Squamous cell carcinoma
Squamous cell carcinoma (SCC) is more aggressive than BCC, with a much higher rate of metastasis. SCC can present clinically in many different ways. It can appear as a shallow ulcer with built-up edges covered by a plaque or scab (Figure 7), as a cutaneous horn (Figure 8), or as a scaly, erythematous plaque that is unresponsive to topical steroids. Because the incidence of SCC is highest in fair-skinned individuals with sun exposure, the areas where SCC occurs most often in white patients are the head and neck, dorsal surfaces of the hands and forearms, and the legs.8,9 SCC on the ears or preauricular surfaces or at mucocutaneous interfaces (ie, the lips, genitalia, and perianal area) can be more aggressive, with rates of metastasis of up to 30% in some studies.10-12 SCC that occurs in a genital or perianal area is most likely associated with exposure to human papillomavirus.13 Patients with a history of organ transplant and subsequent immunosuppressive medication are at increased risk for the development of multiple SCCs.
Figure 7. Squamous cell carcinoma can present as a shallow ulcer with built-up edges covered by a plaque or scab.
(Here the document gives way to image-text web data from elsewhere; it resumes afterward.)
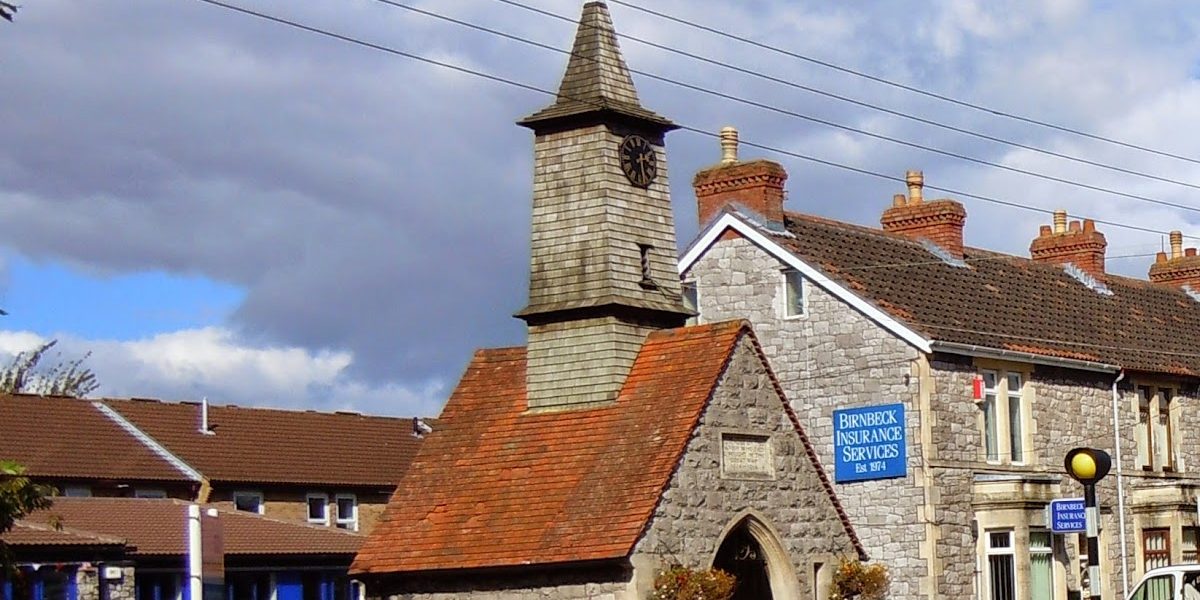 Birnbeck Insurance Services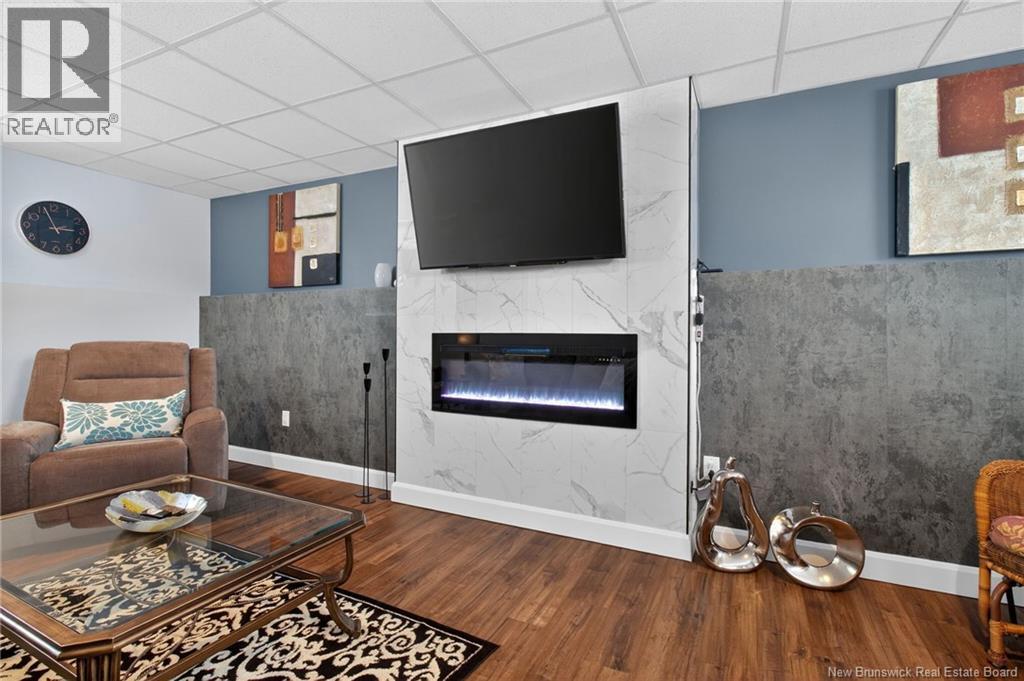 303 Chatellerault, Shediac, New Brunswick  E4P 0L3 - Photo 25 - NB132708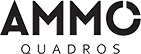 Ammo Quadros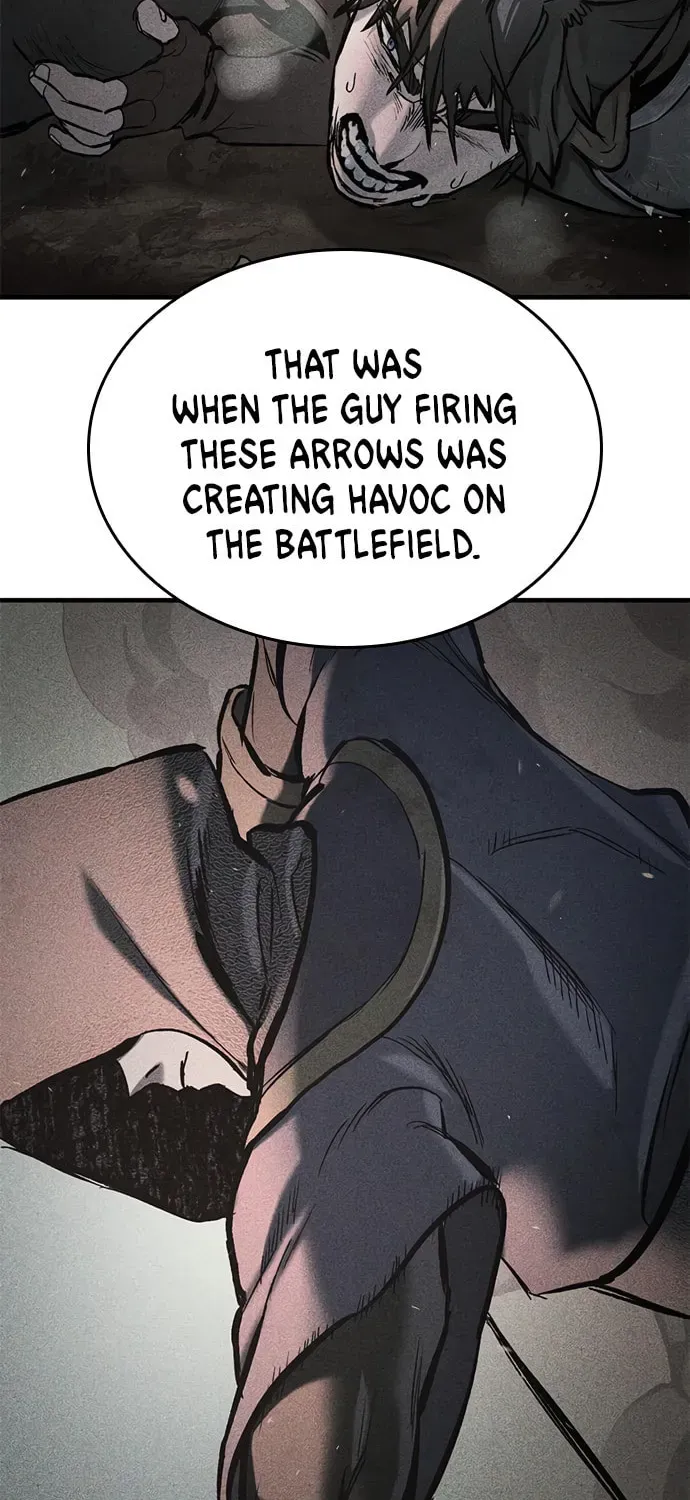 Read The Knight Only Lives Today Manga Online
A shave or punch biopsy can be performed to diagnose SCC. Treatment depends on the level of risk, location of the lesion, cosmesis, and patient comorbidities. Surgery—either excision, Mohs surgery, or electrodessication and curettage—is the gold standard treatment for most SCCs. For high-risk cases of SCC, surgical excision or Mohs surgery is preferred. In one study, in which 260 patients with high-risk SCCs underwent Mohs surgery, the recurrence rate after almost 4 years was only 1%.14 Radiation therapy can be used when the concern for metastasis or recurrence is high or complete surgical treatment is not possible. Once metastasis has developed, a multidisciplinary team can determine the potential benefits of chemotherapy and radiation, and if any surgical resection is possible.
Figure 8. Squamous cell carcinoma can clinically present as a cutaneous horn, seen here.